Huntsman Williams

Personal information
- Full name: Benjamin Huntsman Williams
- Born: 10 June 1944 Bulawayo, Southern Rhodesia
- Died: 3 August 1978 (aged 34) near Turk Mine, Matabeleland, Rhodesia
- Batting: Left-handed
- Bowling: Left-arm fast-medium
- Role: Bowler

Domestic team information
- 1963/64: Orange Free State
- 1966/67–1969/70: Rhodesia

Career statistics
| Competition | First-class |
| Matches | 9 |
| Runs scored | 143 |
| Batting average | 9.53 |
| 100s/50s | 0/0 |
| Top score | 30 |
| Balls bowled | 948 |
| Wickets | 14 |
| Bowling average | 36.14 |
| 5 wickets in innings | 0 |
| 10 wickets in match | 0 |
| Best bowling | 4/56 |
| Catches/stumpings | 4/– |
- Source: CricketArchive, 15 November 2022

= Huntsman Williams =

Rhodesian cricketer

Benjamin Huntsman Williams (10 June 1944 – 3 August 1978) was a Rhodesian first-class cricketer.

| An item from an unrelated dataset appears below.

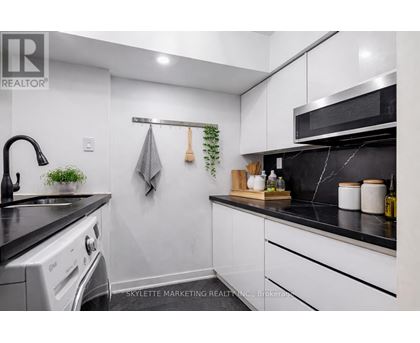 A modern kitchen with white cabinets and black countertops.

Williams, a left-arm fast-medium bowler, was a good enough player in his youth to have represented Rhodesian Nuffield, South African Schools and Rhodesia Country Districts by his 18th birthday.

He made his first-class debut in the 1963/64 Currie Cup season, playing for Orange Free State against North Eastern Transvaal. Despite opening the bowling in each innings, he failed to take a wicket.

In 1966 he appeared for Matabeleland against the touring Australian team, in a non first-class fixture. He took four first innings wickets, Bob Simpson, Bob Cowper, Ian Redpath and Keith Stackpole. This earned him a call up to the Rhodesian team to take on the same opponent and he made two further first-class appearances in the 1966/67 Currie Cup competition. He didn't play again for Rhodesia until the 1969/70 Currie Cup, when he took part in four matches.

When not playing cricket, Williams worked as a farmer, in Inyati. On 3 August 1978, while on duty as a police reserve, he was fatally wounded in the arm by a rocket-propelled grenade fired at his vehicle by Bush War guerrillas during an ambush. He died of wounds later that day.